But I want to say that XviD (compared to all other MPEG4 codec) is highly developed in this way. (I'm always searching for professional-studio-quality-level-MPEG4-codec) Maybe becase of '1' quantisation maximum (instead of '2' in DivX). So thanks to its creators and developers. I like the idea of independent team... Usually 'independend' and 'not commercial' teams get the best results in questions of digital coding (LAME and XviD are very good examples).
So.. the question is.. why ANY MPEG4 codec (XviD or DivX or any other) is still not so good as MPEG2 codec (TMPGEnc)?

Koepi
25th March 2002, 08:41
?

You're just kidding and want to freak us out, right?

-h
25th March 2002, 09:57
I've often wondered about this, and am going to look for the MPEG-2 spec to see exactly how this is possible.

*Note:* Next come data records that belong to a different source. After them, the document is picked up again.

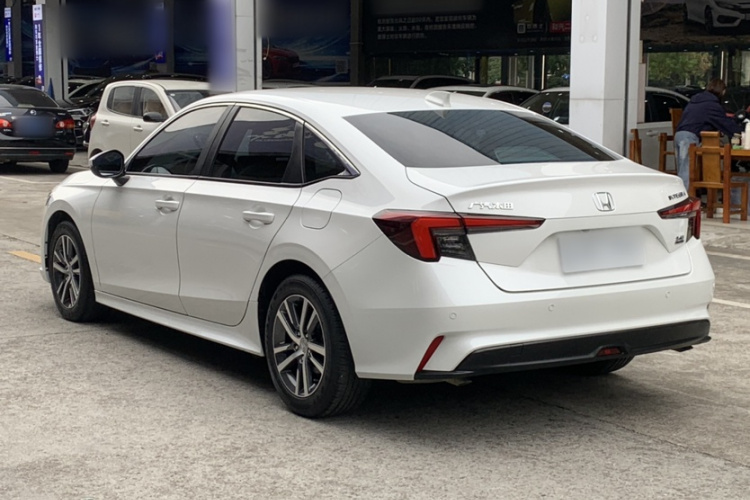 本田 型格 2023款 240TURBO CVT领先版车身外观6004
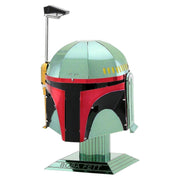 Metal Earth- Star Wars Boba Fett Helmet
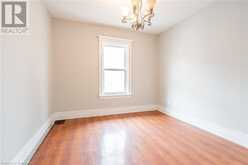 255 JOHN Street S Unit# Upper Hamilton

I personally think it's a ruse. TMPGEnc uses a number of tricks which actually lowers quality dramatically (just step through a clip frame-by-frame that uses B-frames... you'll see what I mean) as well as motion masking which is painful to watch.

If you want absurdly good quality, set XviD's quantizer to 2, and the custom quantization matrices to all 8's. Should produce an enormous file, too.

-h

Bishep
25th March 2002, 12:45
If you want absurdly good quality, set XviD's quantizer to 2, and the custom quantization matrices to all 8's. Should produce an enormous file, too.
I've tryed to do this and changed quantization matrices as you offered. But all movies (encoded in this way) couldn't be played anywhere (Microsoft Media Player, BSPlayer, Zoom Player). In BSPlayer & Zoom Player I've got the message about decoder error. Media Player played my movies, but they were awful (8x8 blocks with 'random' picture). :(

Bishep
25th March 2002, 13:09
You're just kidding and want to freak us out, right?
right! :D :p :sly:

-h
25th March 2002, 13:29
I've tryed to do this and changed quantization matrices as you offered. But all movies (encoded in this way) couldn't be played anywhere (Microsoft Media Player, BSPlayer, Zoom Player). In BSPlayer & Zoom Player I've got the message about decoder error. Media Player played my movies, but they were awful (8x8 blocks with 'random' picture). :(

Excellent. Sounds like we have a bug :)

Well I had a look around, and MPEG2 is quite inferior to MPEG4 - the motion vectors take up more space, DC/AC prediction isn't as good (or just absent altogether), MPEG2 has one less zig-zag scanning mode and the VLCs aren't all that different (in fact MPEG4 has more to choose from). If one performed a lossless (MV's + DCT coefficients) transcode from an MPEG2 stream to MPEG4, MPEG4 would use less space.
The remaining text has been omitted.